**WHAT IS BEING ASKED**
Output only the lines below from the one holding "GPS Tracker For" down to the one holding "Room Zoom: Race for Impact screenshot 3", both end lines included and every picture dropped.

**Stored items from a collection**
***
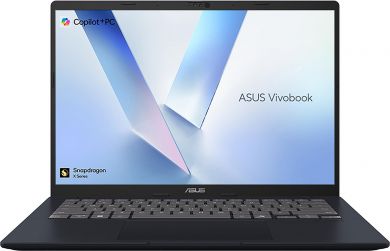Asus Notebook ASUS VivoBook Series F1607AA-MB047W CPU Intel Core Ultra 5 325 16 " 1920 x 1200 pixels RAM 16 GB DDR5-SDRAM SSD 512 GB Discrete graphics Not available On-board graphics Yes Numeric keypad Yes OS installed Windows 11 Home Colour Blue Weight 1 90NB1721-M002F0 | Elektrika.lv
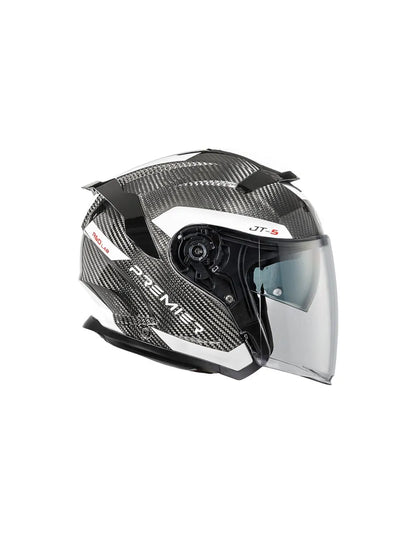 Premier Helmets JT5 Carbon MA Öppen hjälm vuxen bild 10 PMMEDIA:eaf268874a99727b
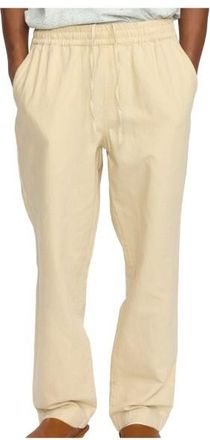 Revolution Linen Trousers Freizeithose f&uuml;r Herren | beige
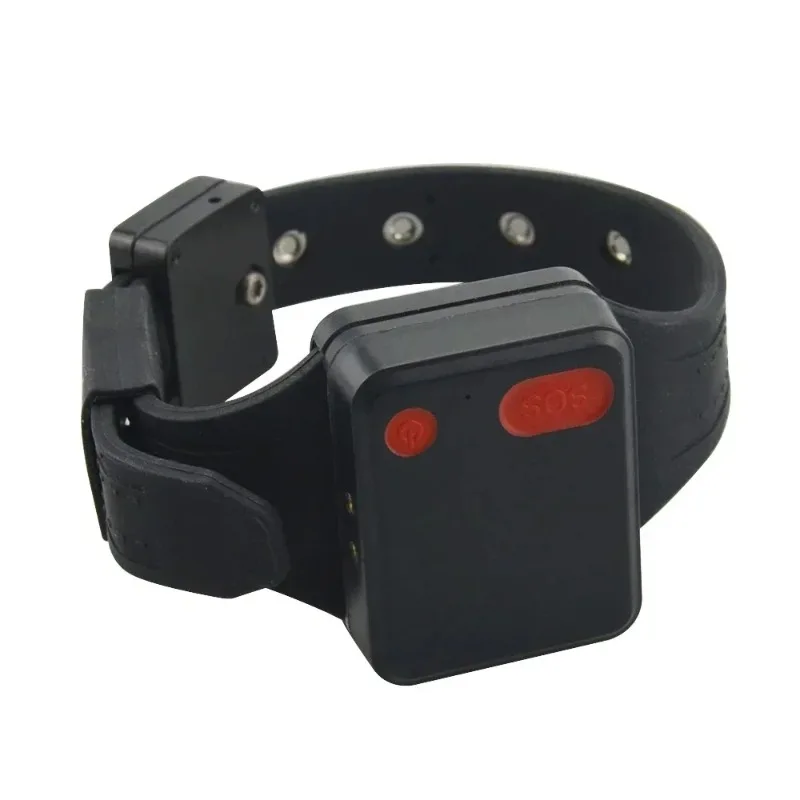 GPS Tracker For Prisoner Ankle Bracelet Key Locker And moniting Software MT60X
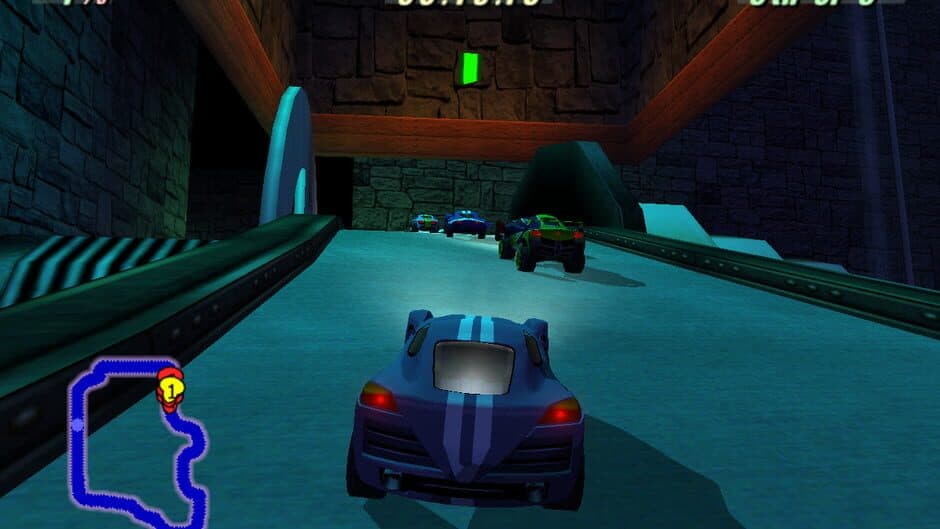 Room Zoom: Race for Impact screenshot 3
***
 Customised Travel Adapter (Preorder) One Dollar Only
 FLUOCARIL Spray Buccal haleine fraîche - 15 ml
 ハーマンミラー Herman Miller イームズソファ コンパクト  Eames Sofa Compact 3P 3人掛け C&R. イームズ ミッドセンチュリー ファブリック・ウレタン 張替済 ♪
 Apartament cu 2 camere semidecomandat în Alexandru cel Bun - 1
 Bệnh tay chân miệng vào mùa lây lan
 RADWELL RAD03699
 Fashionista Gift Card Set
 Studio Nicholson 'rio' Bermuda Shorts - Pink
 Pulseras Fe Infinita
***
**REPLY TO THE EXERCISE**
 GPS Tracker For Prisoner Ankle Bracelet Key Locker And moniting Software MT60X
 Room Zoom: Race for Impact screenshot 3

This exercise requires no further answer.